Transcribe the lines exactly, beginning with the one that contains "Click on the" and ending with the final line of the records. Do not transcribe pictures.

Image-text web data:
# # #

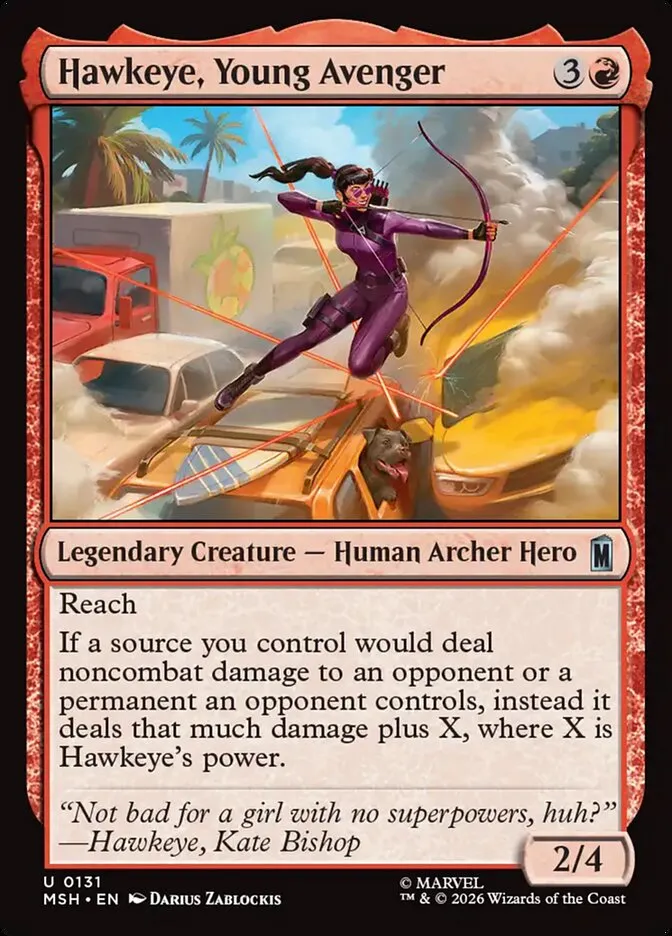 2026 Marvel Super Heroes Hawkeye, Young Avenger #131 uncommon card image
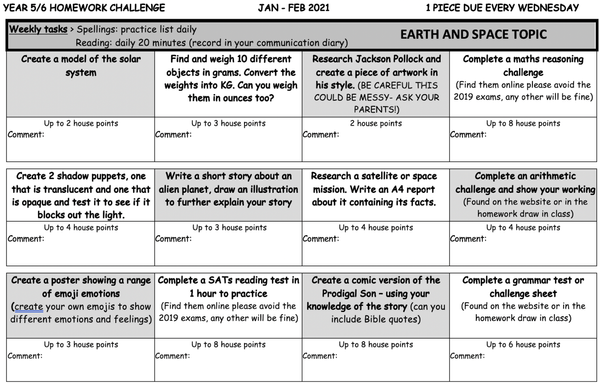 Click on the image to download a printable version of our homework grid!
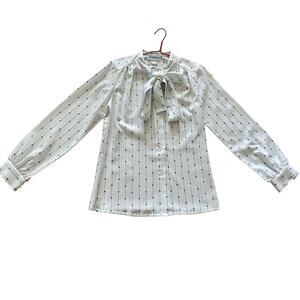 VTG 70s Lady Holiday Polka Dot Bow Shirt Blouse Size 12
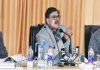 Advisors K Vijay Kumar & Kewal Kumar Sharma along with Chief Secretary BVR Subrahmanyam at a meeting at Kishtwar on Thursday.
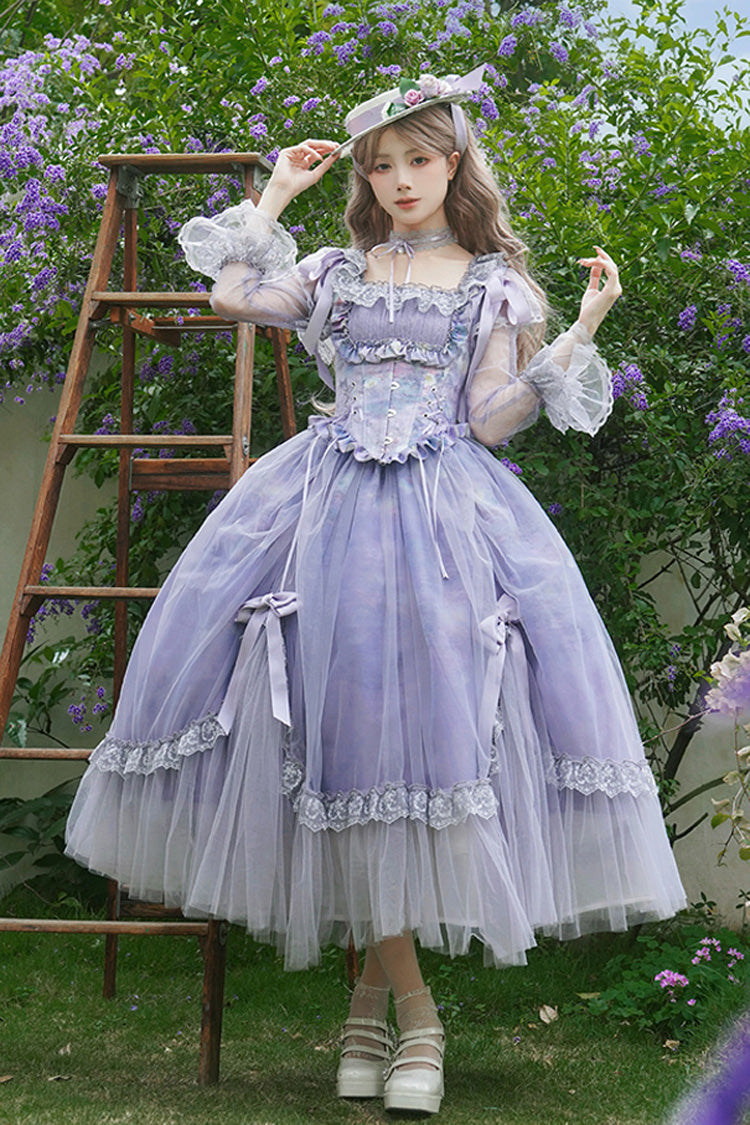 Amethyst Bow-Trimmed Lace Ruffled Long-Sleeve Gothic Dress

# # #

## Your solution
 Click on the image to download a printable version of our homework grid!
 VTG 70s Lady Holiday Polka Dot Bow Shirt Blouse Size 12
 Advisors K Vijay Kumar & Kewal Kumar Sharma along with Chief Secretary BVR Subrahmanyam at a meeting at Kishtwar on Thursday.
 Amethyst Bow-Trimmed Lace Ruffled Long-Sleeve Gothic Dress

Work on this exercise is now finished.